La notoriété apporte quelques avantages qui sont tout bonnement des privilèges, comme le surclassement dans un avion ou dans un hôtel, l’obtention d’une table dans un restaurant plein, les invitations au théâtre ou aux avant-premières des films, quelques priorités, quelques faveurs… Plusieurs fois, des automobilistes m’ayant reconnu dans la file d’attente des taxis se sont arrêtés et m’ont proposé de m’emmener, quelle que fût ma destination.
J’ai toujours et souvent voyagé à Paris en métro et en bus. À condition de ne pas dévisager les gens et, de préférence, lire un journal ou un livre, je suis rarement abordé. Et, si je le suis, c’est toujours avec gentillesse et une touchante naïveté. J’apprécie le voyageur qui me gratifie d’un petit mouvement de tête et d’un sourire pour me signifier qu’il m’a reconnu mais qu’il ne veut pas m’importuner.
Comment ne pas éprouver en même temps gêne et plaisir quand, dans la rue, une femme, stupéfaite par une rencontre qu’elle juge miraculeuse, me demande l’autorisation de m’embrasser, considérant que sa longue fréquentation de mes émissions vaut bien cette récompense ? L’année dernière, au théâtre d’Aix-en-Provence, une jolie Anglaise, assise derrière moi, m’a tiré par la manche pour me raconter que vingt ans auparavant, quand elle avait épousé un Français, elle l’avait prévenu que si elle le trompait, ce serait avec moi. Si je dis que je me suis conduit en parfait gentleman , que comprendra-t-on ? J’avais invité à la dernière d’ Apostrophes une délicieuse vieille dame, mère de l’une de mes amies, qui n’avait raté aucune des sept cent vingt-trois émissions précédentes. À l’Institut français de Varsovie, la jeune femme qui m’interrogeait en public écoutait mes réponses avec cet air de béatitude qu’on observe généralement sur les visages des spectatrices des groupes de rock. Les excès d’admiration sont parfois très agréables. Ils peuvent être aussi embarrassants.

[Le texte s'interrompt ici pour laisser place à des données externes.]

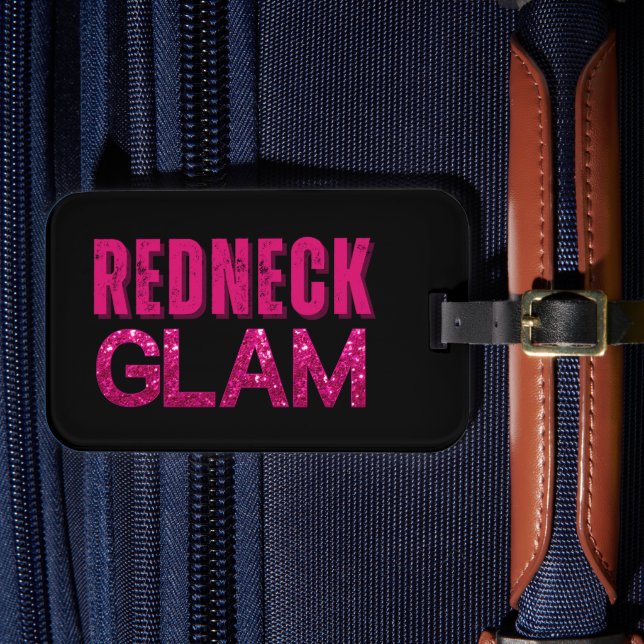 Etiqueta Para Maletas Purpurina rosa de Glam Redneck en negro (Anverso In Situ 4)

Dans les rencontres fortuites avec des téléspectateurs, celles qui me touchent le plus sont celles où l’homme ou la femme me remercie de lui avoir donné le goût de la lecture. « Je vous en voulais, au début. Mes parents m’obligeaient à regarder Apostrophes (ou Bouillon de culture ). Et puis je m’y suis habitué, et je suis devenu accro à votre émission. Si vous saviez le nombre de livres que vous m’avez fait acheter ! — Que vous avez lus ? — Bien sûr, et depuis je n’ai cessé d’acheter des livres et de les lire. Si j’ai cette passion pour la lecture, c’est grâce à vous. » Après de telles déclarations, quand l’auteur en est une femme, c’est moi qui lui propose de l’embrasser…
Des romanciers m’ont écrit dans la dédicace de leur première œuvre que mes émissions les avaient encouragés à écrire, espérant en être un jour les invités. Mais, à partir de 2001, ce fut trop tard. Ils se dirent frustrés. Quelques-uns me reprochèrent avec humour ma « défection » qui leur était préjudiciable.

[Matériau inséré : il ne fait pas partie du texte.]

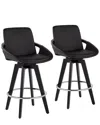Lumisource Set Of 2 Cosmo Swivel Fixed-height Counter Stools In Black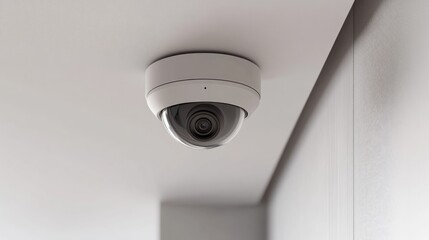 Poster - Ceiling mounted CCTV camera with a clean white backdrop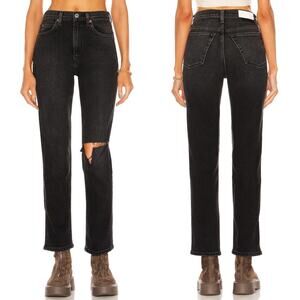RE/DONE 70s Straight Jeans Women’s Size 24 Black Washed Noir Distressed Hole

Du temps d’ Ouvrez les guillemets et d’ Apostrophes , des jeunes filles n’hésitaient pas à me dire, les yeux dans les yeux, qu’elles m’aimaient beaucoup. Les années ont passé, et d’autres jeunes filles m’ont déclaré avec un beau sourire que leurs mères m’aimaient beaucoup. Le temps a poursuivi sa route, moi aussi, et depuis quelques années d’autres jeunes filles, avec une innocente cruauté, et toujours avec un sourire enjôleur, me confient que leurs grands-mères m’aiment beaucoup.
Sic transit gloria mundi.
À propos…
Voici l’un des cas où la notoriété est fâcheuse. Votre femme ou votre amante est invitée à un cocktail, à un vernissage, à une soirée, à un dîner, et, à sa demande, vous l’y accompagnez. Il est fatal que votre présence éclipse la sienne. Elle n’est plus seulement elle-même, elle est la compagne du célèbre X. Il y en a plus pour lui que pour elle. Elle se sent rejetée dans l’ombre. Il est peu probable qu’elle insiste beaucoup la prochaine fois pour vous emmener.

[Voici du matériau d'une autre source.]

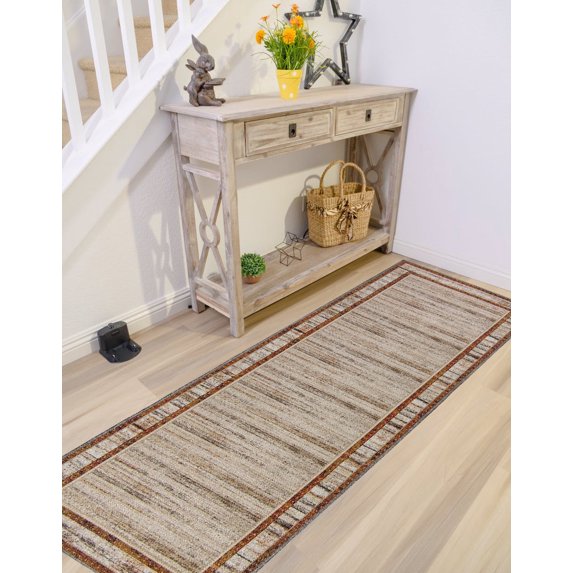Gloria - Washable Rug Runner Low Profile Bordered Rubber Backed Runners Anti Slip Backing Rugs for Living Room Light Weight Foldable Area Carpet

L’impossibilité de répondre à la vieille question scientifique et philosophique « Est-ce la poule qui a fait l’œuf ou l’œuf qui a fait la poule ? » trouve sa justification dans l’écriture même du mot œuf : est-ce le o qui est dans le e ou le e qui est dans le o ?
À cette interjection, on peut faire exprimer des sentiments très différents. La surprise : oh là là ! (Essayez-vous, lecteur, lectrice, à prononcer à haute voix ces trois mots en leur donnant le ton adéquat.) La colère : oh là là ! La grivoiserie : oh là là ! Le soupçon : oh là là ! La joie : oh là là ! L’anxiété : oh là là ! La béatitude : oh là là ! La peur : oh là là ! L’incrédulité : oh là là ! Le renoncement : oh là là ! L’agacement : oh là là ! La stupéfaction : oh là là ! Etc.
C’est parce que les sentiments que j’exprimais dans les chroniques rassemblées dans un petit livre étaient très variés que je l’avais intitulé La Vie oh là là ! . Invité dans quelques radios pour en évoquer le contenu, je variais chaque fois ma façon de prononcer le titre. Un journaliste se piqua au jeu, et nous échangeâmes pendant quelques minutes des « vie oh là là ! » sur des registres différents. On se serait cru dans un conservatoire d’art dramatique au moment où le professeur fait passer des tests à des candidats.
« Je me souviens, écrit Nabokov, d’un dessin où l’on voyait un ramoneur, qui tombait du toit d’un haut immeuble, remarquer en passant une faute d’orthographe sur une enseigne et se demander, tout en poursuivant sa chute, pourquoi personne n’avait songé à la corriger » ( L’Art de la littérature et le bon sens ).
Sans avoir jamais glissé d’un toit, je suis ce ramoneur qui s’étonne que leurs rédacteurs fassent des fautes d’orthographe sur des enseignes, dans des publicités, sur la page d’accueil des sites Internet, sur des cartes de restaurant, etc. Je m’indigne qu’elles y restent, soit parce que personne ne les a remarquées, soit parce qu’on n’a pas voulu rectifier, cela ayant été jugé sans importance.
Au Centre de formation des journalistes, un professeur distribuait à chaque élève la même page d’un journal. Le jeu consistait à déceler le plus vite possible la coquille, la faute d’orthographe ou de français contenue dans les surtitres, les titres, les sous-titres ou les intertitres. Monique Dupuis, qui deviendrait Monique Pivot, y était quasi imbattable. J’avais aussi l’« œil typographique », mais il était moins rapide que le sien. Dans les effroyables dictées des Dicos d’or elle ne faisait jamais plus d’une ou deux fautes. Pour des raisons évidentes, il lui était impossible de concourir.